Proof that both the investigator never went to the schools is quite clear. Had she actually conducted the investigations, both investigations would not have the same wrong answers.
First red flag is the report having the wrong last name for my granddaughter. Had they done the investigation in May as claimed they would have found out that the name was wrong along with the fact that she had never been enrolled at that school. Then a month later it was impossible to do a school investigation, so it would have been impossible for the investigator to know that the children attended different elementary schools. Both investigations include the following statement:
(Child’s name) is a 6-year-old white and African-American female that attends Park Lake Elementary and is in the first grade. I spoke with (Child’s name) at Lakeland Elementary and she stated that she does know the difference between the truth and a lie and stated that she would tell the truth. She stated that she has never spoke with anyone from CPS before.
Notice the last statement, these investigations are alleged to have taken place a month apart and this child interviewed both times, but in the second investigation she still had talked to CPS. The second investigation contradicts the first. Under HRC §40.061(c)(2) fabricating evidence voids the worker’s immunity and Texas Penal Code (TPC) §37.10. TAMPERING WITH GOVERNMENTAL RECORD is a 3rd degree. With two counts this investigator should be in jail.
As a result of these falsified investigations FBSS was elevated to a higher level which explains the worker’s aggressiveness but it does not explain her insubordination. Within the discovery we found where on November 7, 2008 she was instructed to either staff the case with legal or close the case. About a week later she and her supervisor met with legal and were told that it could be pushed for court ordered services. This was 7 months before the removal. By failing to follow the program director’s order to take legal action or close the case both the worker and supervisor were insubordinate to their supervisor. We found where a later staffing discussed paying a utility. We also found where it was documented Angela calling to retrieve her electric bill about a month before the removal.
At the removal, Angela stood on her 4th amendment rights to not allow the caseworker into the home. The worker in turn called PD and it was the detective that raised the window unsecuring the property. She even stated in her testimony that the DA had instructed her not to enter the home. So she allowed the apartment maintenance man to enter instead. Had our attorney known about “Gates vs Texas” then this case would not had progressed past the emergency removal.
Another thing that was documented was the worker claiming that the elder child lived with his father. Yet nowhere in the 10 months of FBSS visits does she document the child moving out of the household. Also it would not been necessary for her to instruct the dad to not allow the child to return home.
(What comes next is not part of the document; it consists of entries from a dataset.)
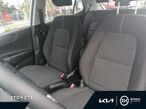 Kia Picanto - 18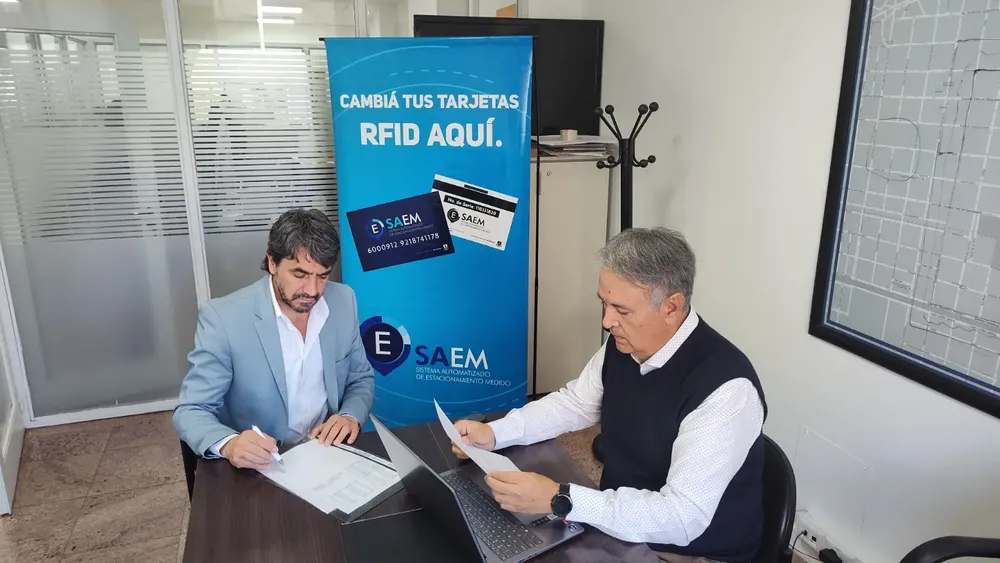 WhatsApp Image 2024-11-27 at 11.44.11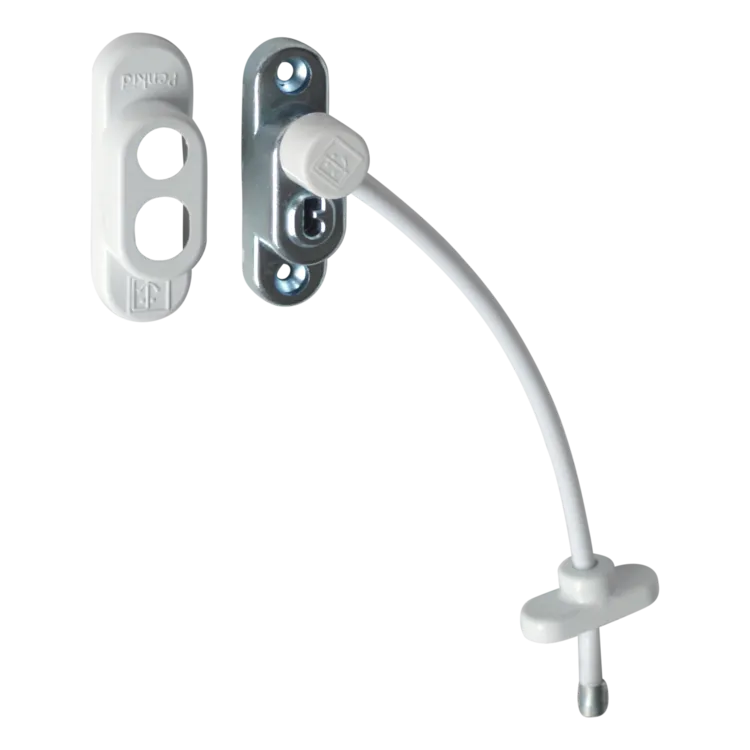 PENKID WSR200 Ventilation Window Restrictor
But because the child legally lived with mom it was necessary to conduct a removal along with his siblings. But that would have kept all the children in the same court under one case.
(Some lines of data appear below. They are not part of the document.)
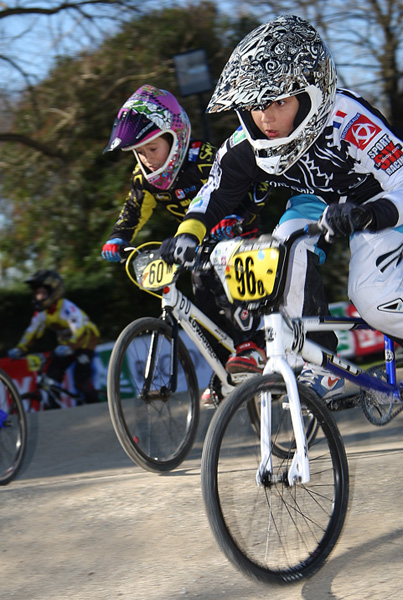 bx-fevrier_00550.jpg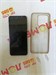 REALME NOTE 60X 3/64 890000772653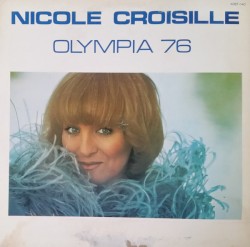 Olympia 76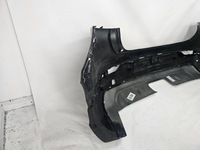 фото thumb №12, Volvo v40 2012 - cross country бампер зад pdc 31290919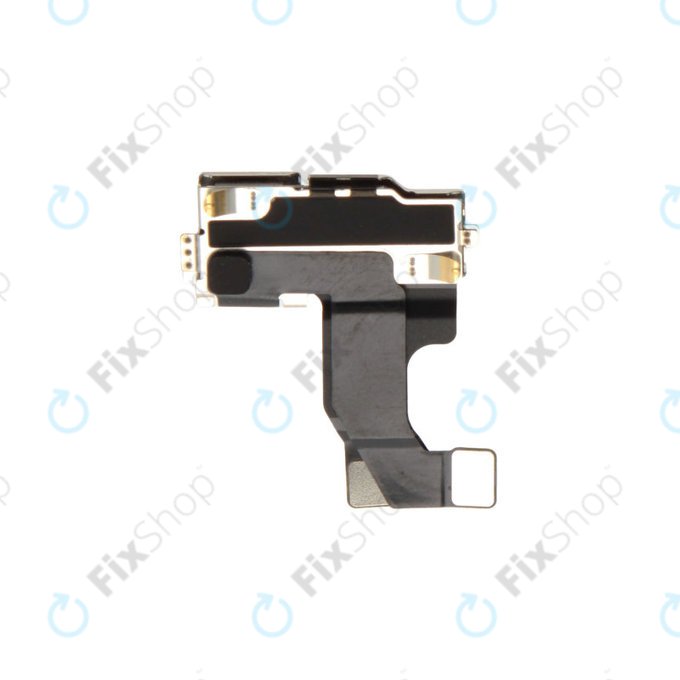 Frontkamera für iPhone 16 Plus | 661-42844 | Genuine Apple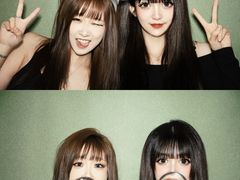 -PHOTOWITH 自助照相馆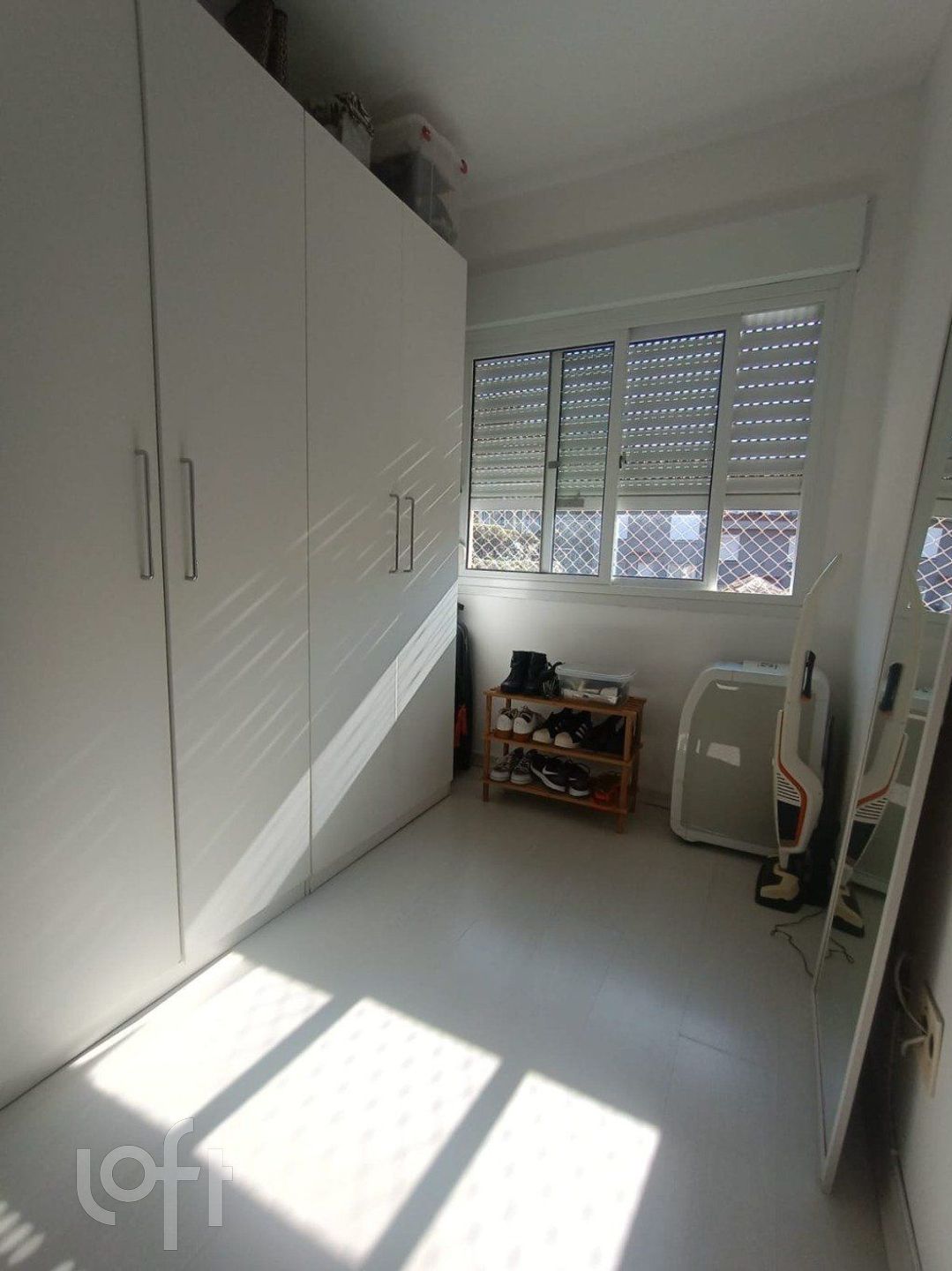 Imagem da propriedade 21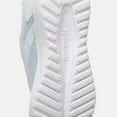 thumbnail image 7 of Reebok Energen Lux Women's Running Shoes, 7 of 7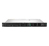 HPE ProLiant DL20 Gen11 server Rack (1U) Intel Xeon E E-2434 3.4 GHz 16 GB DDR5-SDRAM 290 W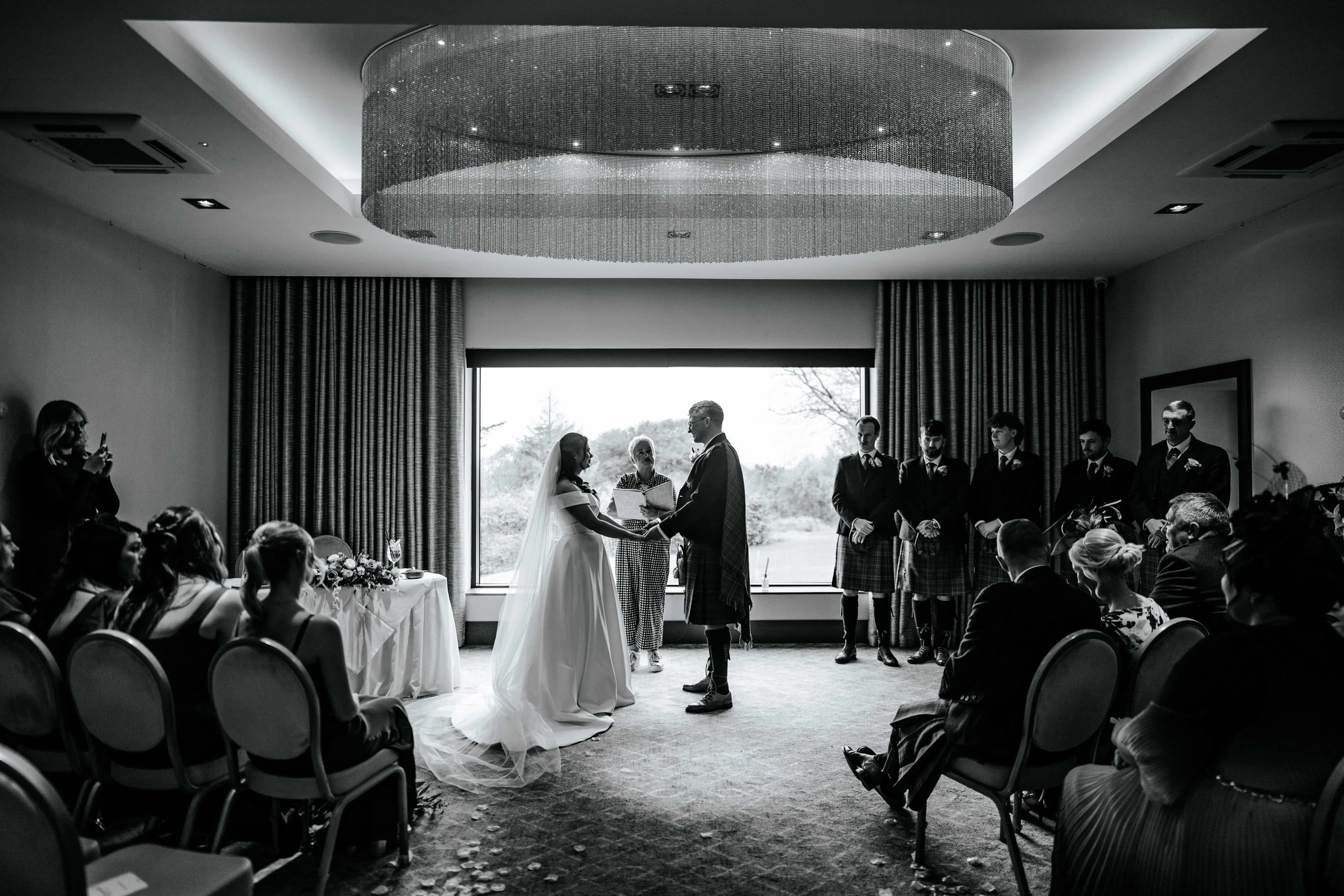 Greg & Lucy -- Hetland Hall Hotel-84.jpg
It is believed that the detective helped orchestrate all of this to get the father out of paying child support. Strange how the state bent over backwards to insure that he got custody, while the younger two siblings appeared to be sacrificed to the system.
It is also our opinion that the younger children were returned to prevent them from participating in the class action lawsuit for long term foster children. The evidence in our case would been very helpful to the lawsuit.
As to date I’ve found about 8 felonies committed by 3 caseworkers. Others could be charged should we ever be able to get a DA to take up the case.